3.3 Selection of  factory:
This study is completely related to knit dyeing factory which has both open and open tube line. For this purpose the following factory was selected:

  • Texeurop (Bd), Vogra, Chandona, Chourasta, Gazipur
  • Oli Knitting  Fabrics, Ganak Bari, Savar, Dhaka.

3.4 Methodology:
In order to compare the GSM, Shrinkage, Spirality of same knitted fabric, after dyeing the same fabric were finished both tube & open line. During finishing, sample fabrics after dryer & stenter for the test results of GSM, Shrinkage & Spirality were taken. Then the GSM, Shrinkage, Spirality of both samples were measured & compared the results. Then according to the test results of dryer & stenter, the tube & open compactor were set & finally finished the fabrics. After tube & open compactor, both line finished sample fabrics were taken for the test results of GSM, Shrinkage & Spirality. Finally the GSM, Shrinkage & Spirality of both line finished fabrics were measured & compared.

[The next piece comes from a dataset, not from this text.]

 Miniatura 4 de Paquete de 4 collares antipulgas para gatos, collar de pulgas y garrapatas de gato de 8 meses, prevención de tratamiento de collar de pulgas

Methodology to compare the GSM, Shrinkage, Spirality of same knitted fabric

3.5 Specification of Slitter:

  • Brand name           : BIANCO
  • Capacity/day          : 7000 kg
  • Country of origin   : italy
  • Maximum speed    : 90 m/min.
  • Year built               : 2008

3.6 Technical data of Stenter:

  • Brand name             : UNITECH
  • Country of origin     : ITALY
  • Capacity/day            : 10000 kg
  • Year built                 : 2004
  • Speed                       :  (15- 40 )m/min.
  • Working  width        : 41˝-96˝
  • No. of chamber        : 08
  • Maximum over feed : 75
  • Minimum over feed  : 30
  • Temperature             : normally-160, maximum-210
  • Fuel type                  : Gas
  • Maximum Presser    : J-box-2.50 bar, 1st padder-5bar, 2nd padder-4bar

3.7 Technical data of open Compactor

  • Brand name               : FERRARO
  • Country of origin       : ITALY
  • Capacity/day              : 7000 kg
  • Speed                         :  20- 25 m/min.
  • Working  width          : Maxm- 96˝, Minm- 40˝
  • Fuel type                     : Steam
  • Maximum over feed   : 35
  • Minimum over feed    : 15
  • Max. compaction        : 10%

3.8 Technical data of Squeezer:

  • Brand name             : BIANCO
  • Country of origin     : ITALY
  • Capacity/day            : 7000 kg
  • Year built                 : 2004
  • Maximum speed      : 80 m/min.
  • Maximum Presser    : J-box-2.50 bar, 1st padder-5bar, 2nd padder-4bar

3.9 Technical data of Dryer:

  • Brand name             : DINMENLER
  • Country of origin    : TURKEY
  • Year built                : 2004
  • Capacity/day           : 1000 kg
  • Type of machine     : Linea Aprituboiere
  • Maximum speed     : 80 m/min.
  • Working width        : 2600 mm
  • Temperature            : 150-190
  • No. of chamber       : 03
  • Heating system       : Steam

3.10 Technical data of Compactor:

  • Brand name             : TUBE-TEX
  • Country of origin     : U.S.A
  • Name of company   : American Textile Mechinary Association.
  • Working  width        : Maxm-60˝, Minm-16˝
  • Capacity/day            : 7000 kg
  • Maximum overfeed  : 30
  • Max. compaction     : 18
  • Maximum speed       : 80 m/min.
  • Max.Temperature     : 210
  • Heating system         : Steam
  • Year built                  : 2004

3.11 Procedure of GSM measurement by GSM cutter :

At first cut the fabric with the G.S.M cutter

The area of cut sample is 100 cm2

Weight the cut sample fabric with the electric balance

The weight of the cut sample is multiplied by 100

The result is the G.S.M of that particular fabric

Suppose ,
The weight of the fabric is 2.10 gm. That means the G.S.M of the fabric is 210 gm.

gsm sample

gsm calculation

3.12 Shrinkage and spirality test procedure:
The shrinkage properties is one of the most important properties to be checked for the knitted fabric. This property is minimized as it is possible. Shrinkage ±5  along length & width wise are allowed. The Shrinkage test procedure is given bellow-

At first fabric was relaxed from dryer/stenter
(Lycra/PK fabrics 2 hour & normal fabrics 40 minutes)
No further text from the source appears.